**WHAT NEEDS TO BE DONE**
Where a picture appears, leave it out, and transcribe all the lines below exactly.

Crawled caption data:
*****
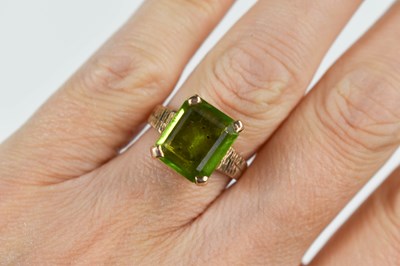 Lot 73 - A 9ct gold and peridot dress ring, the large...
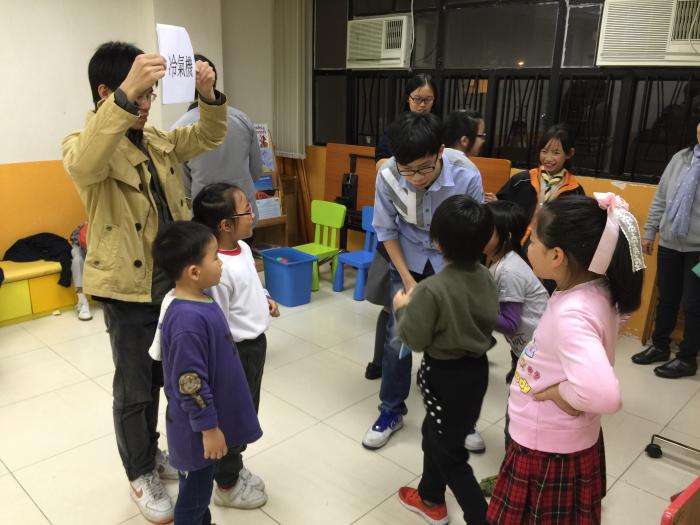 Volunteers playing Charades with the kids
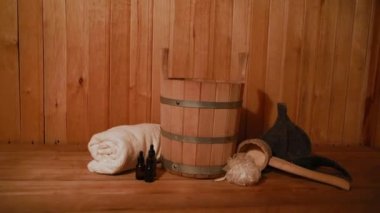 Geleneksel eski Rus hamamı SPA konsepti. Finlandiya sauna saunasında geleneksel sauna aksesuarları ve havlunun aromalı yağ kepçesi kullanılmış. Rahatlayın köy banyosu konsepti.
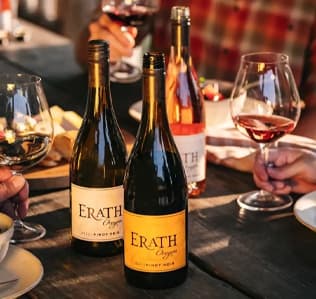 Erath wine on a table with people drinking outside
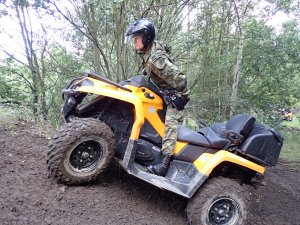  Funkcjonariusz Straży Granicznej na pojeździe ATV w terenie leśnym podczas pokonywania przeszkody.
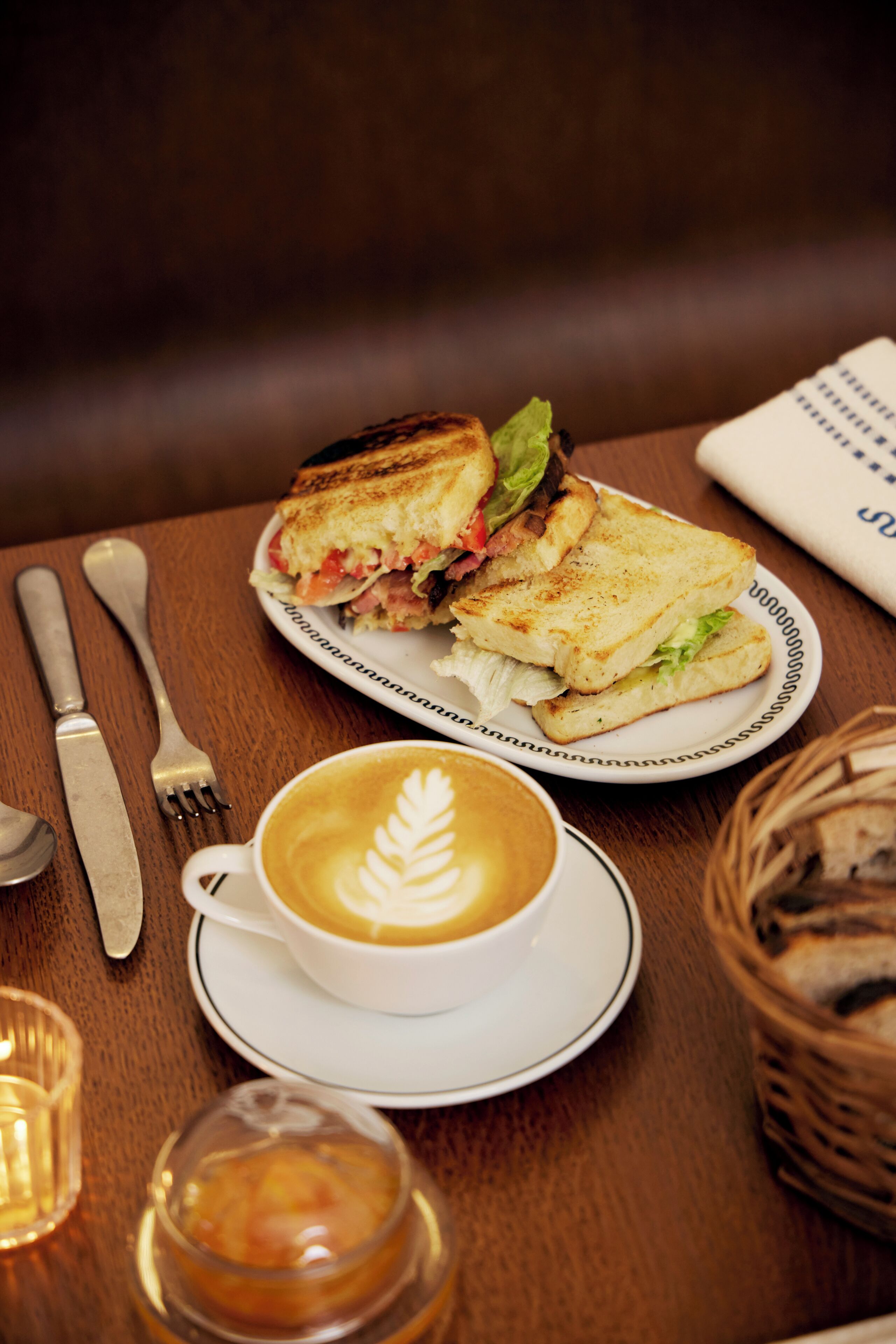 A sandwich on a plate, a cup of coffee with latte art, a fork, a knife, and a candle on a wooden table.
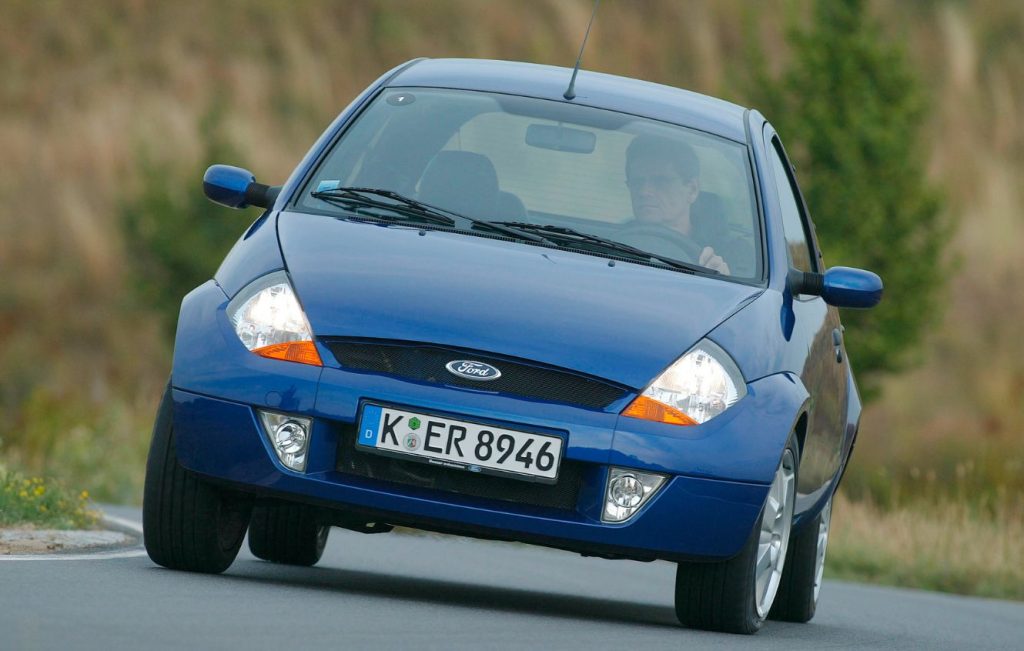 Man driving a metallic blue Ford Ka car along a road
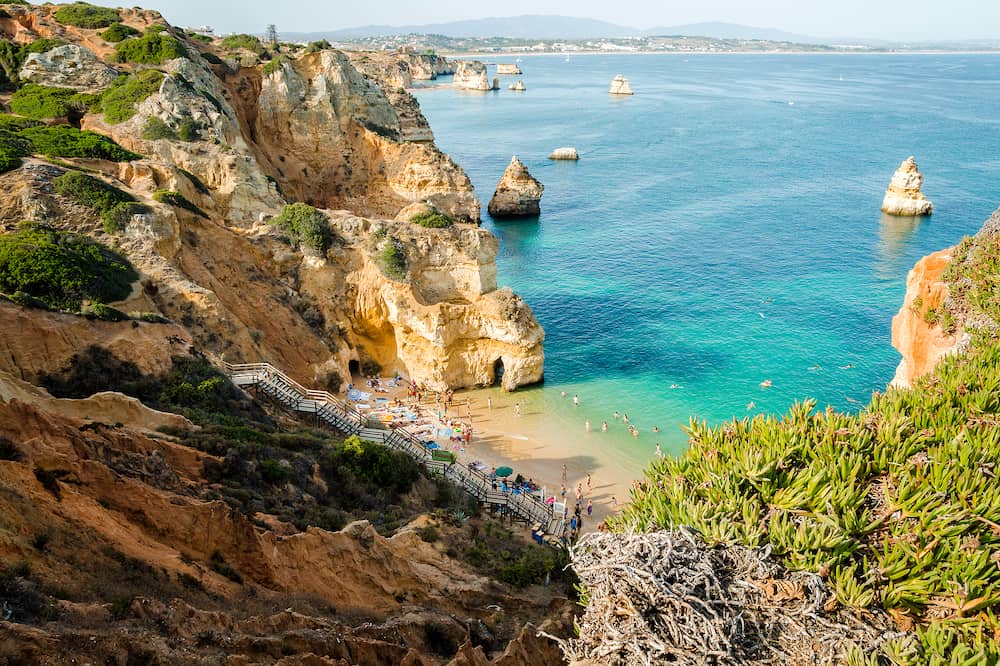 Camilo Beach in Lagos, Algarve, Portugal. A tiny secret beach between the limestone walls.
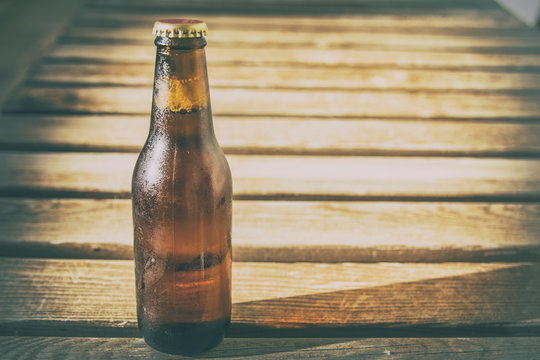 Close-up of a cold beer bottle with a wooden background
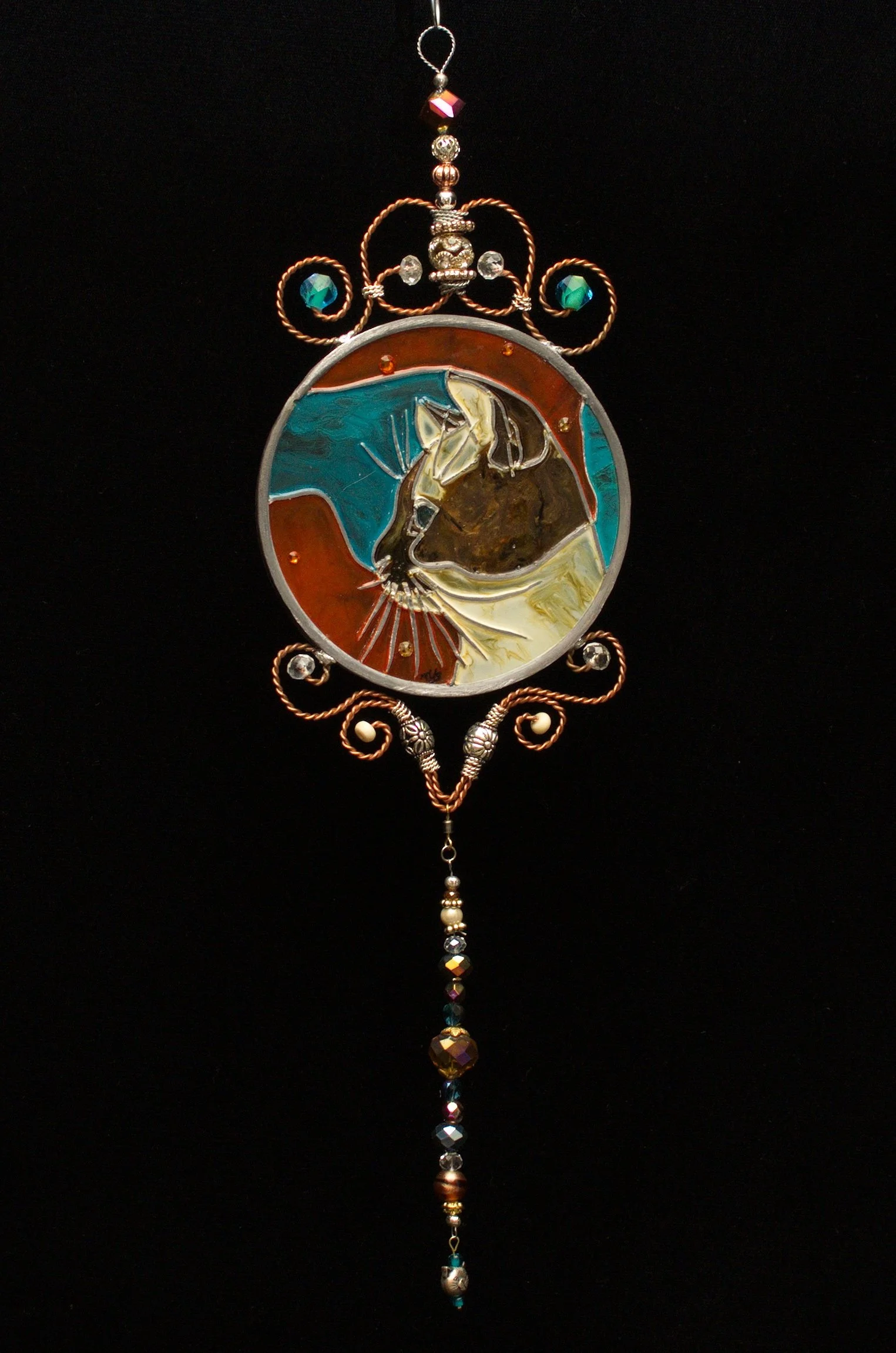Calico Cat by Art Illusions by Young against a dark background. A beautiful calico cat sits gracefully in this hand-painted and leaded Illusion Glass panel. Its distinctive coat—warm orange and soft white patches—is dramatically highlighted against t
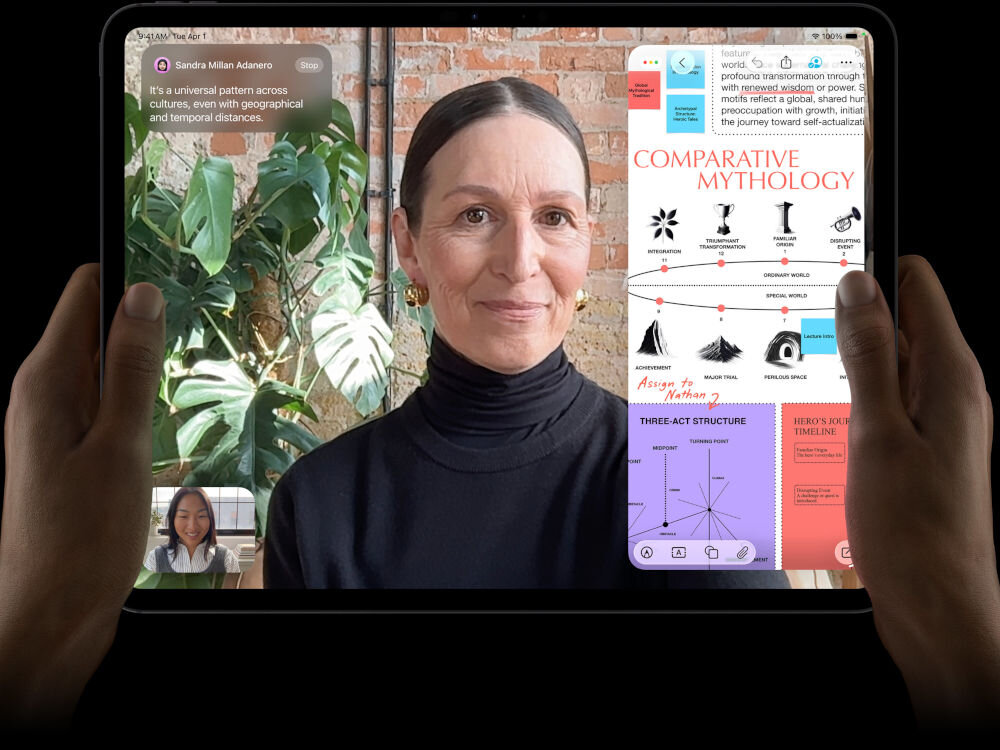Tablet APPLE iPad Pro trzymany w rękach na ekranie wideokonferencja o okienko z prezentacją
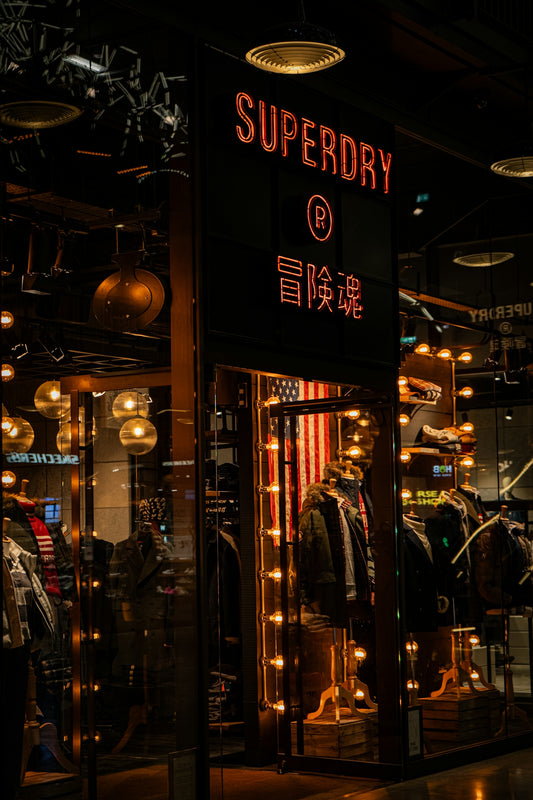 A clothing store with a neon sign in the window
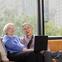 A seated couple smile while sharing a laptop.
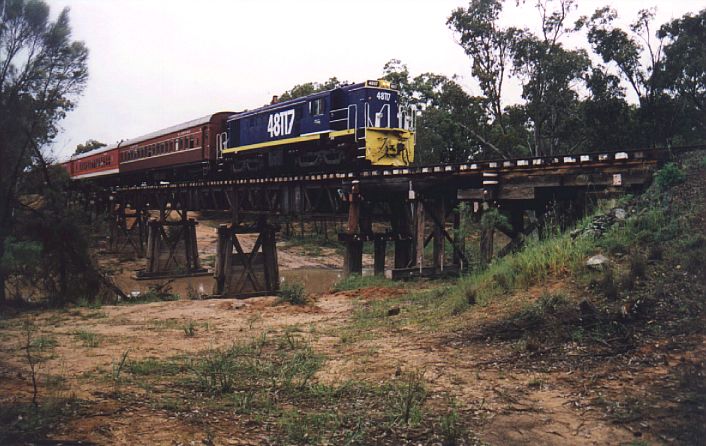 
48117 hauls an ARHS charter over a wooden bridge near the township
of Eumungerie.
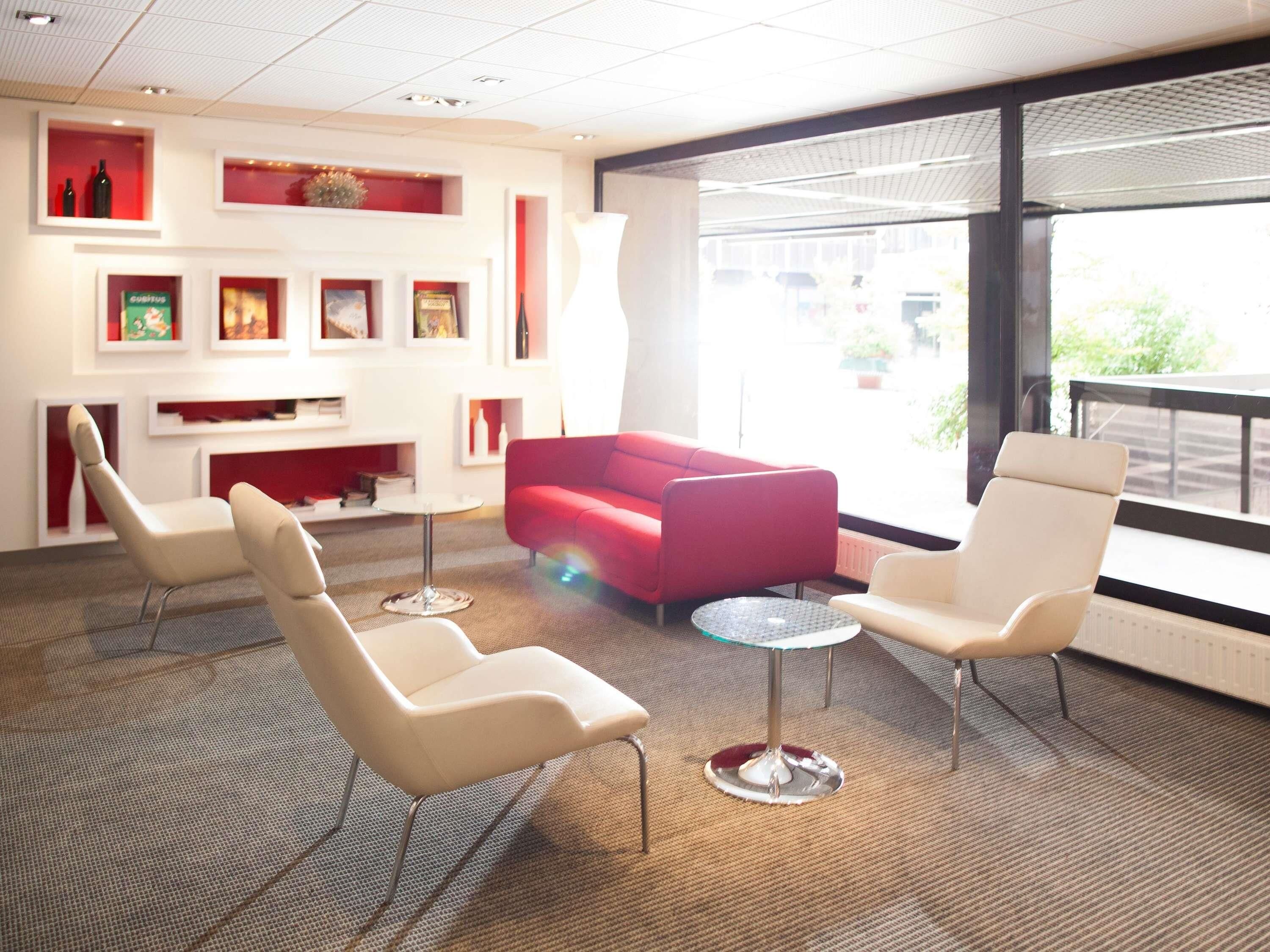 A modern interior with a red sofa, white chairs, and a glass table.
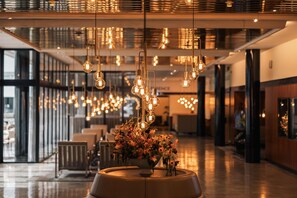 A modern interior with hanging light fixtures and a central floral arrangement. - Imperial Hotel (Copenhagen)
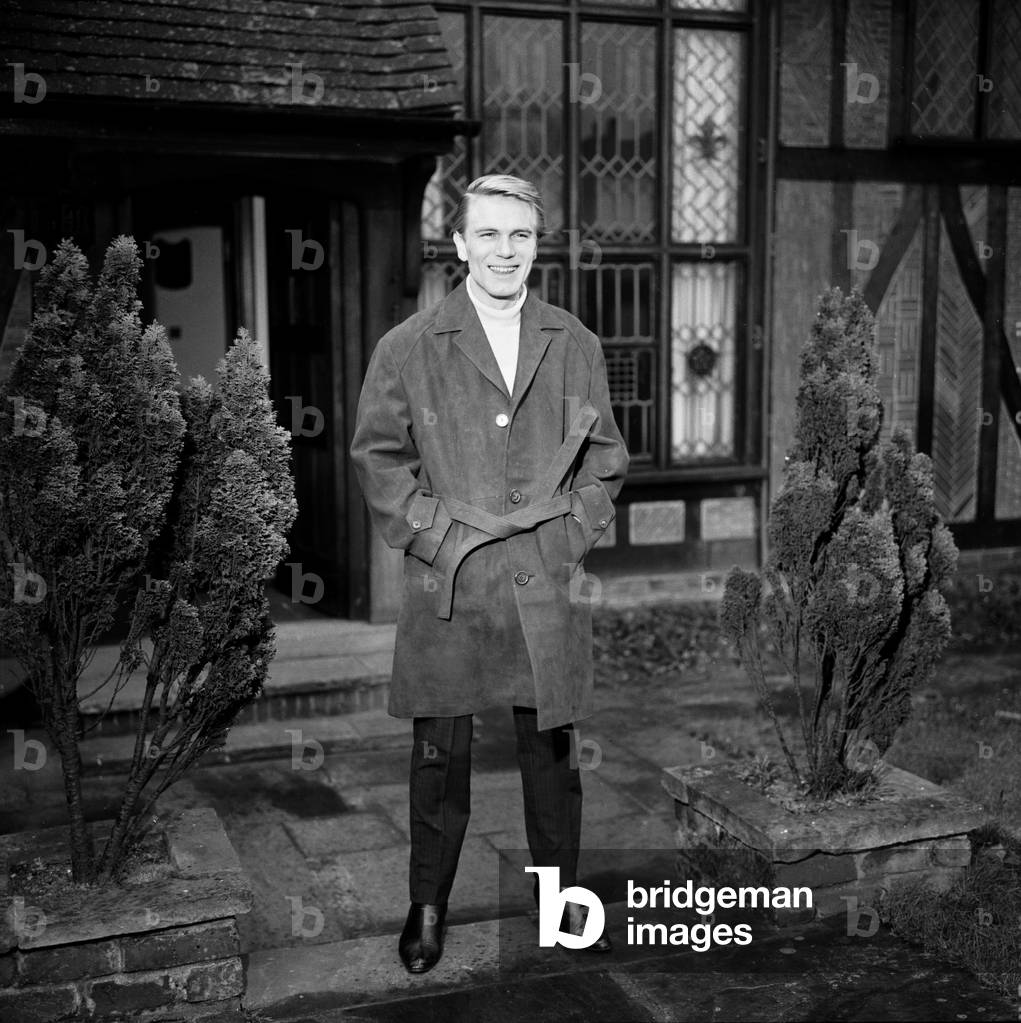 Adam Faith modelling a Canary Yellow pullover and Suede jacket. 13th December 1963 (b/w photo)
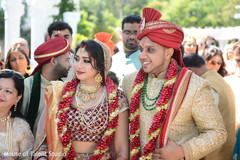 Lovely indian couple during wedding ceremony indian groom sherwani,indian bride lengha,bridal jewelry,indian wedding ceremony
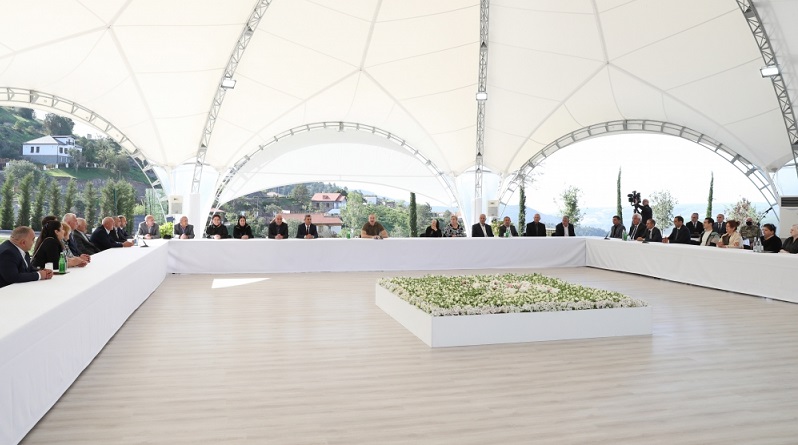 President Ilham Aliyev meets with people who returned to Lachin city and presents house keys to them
*****
**RESPONSE TO THE TASK**
 Lot 73 - A 9ct gold and peridot dress ring, the large...
 Volunteers playing Charades with the kids
 Geleneksel eski Rus hamamı SPA konsepti. Finlandiya sauna saunasında geleneksel sauna aksesuarları ve havlunun aromalı yağ kepçesi kullanılmış. Rahatlayın köy banyosu konsepti.
 Erath wine on a table with people drinking outside
  Funkcjonariusz Straży Granicznej na pojeździe ATV w terenie leśnym podczas pokonywania przeszkody.
 A sandwich on a plate, a cup of coffee with latte art, a fork, a knife, and a candle on a wooden table.
 Man driving a metallic blue Ford Ka car along a road
 Camilo Beach in Lagos, Algarve, Portugal. A tiny secret beach between the limestone walls.
 Close-up of a cold beer bottle with a wooden background
Calico Cat by Art Illusions by Young against a dark background. A beautiful calico cat sits gracefully in this hand-painted and leaded Illusion Glass panel. Its distinctive coat—warm orange and soft white patches—is dramatically highlighted against t
Tablet APPLE iPad Pro trzymany w rękach na ekranie wideokonferencja o okienko z prezentacją
 A clothing store with a neon sign in the window
 A seated couple smile while sharing a laptop.
48117 hauls an ARHS charter over a wooden bridge near the township
of Eumungerie.
 A modern interior with a red sofa, white chairs, and a glass table.
 A modern interior with hanging light fixtures and a central floral arrangement. - Imperial Hotel (Copenhagen)
 Adam Faith modelling a Canary Yellow pullover and Suede jacket. 13th December 1963 (b/w photo)
 Lovely indian couple during wedding ceremony indian groom sherwani,indian bride lengha,bridal jewelry,indian wedding ceremony
 President Ilham Aliyev meets with people who returned to Lachin city and presents house keys to them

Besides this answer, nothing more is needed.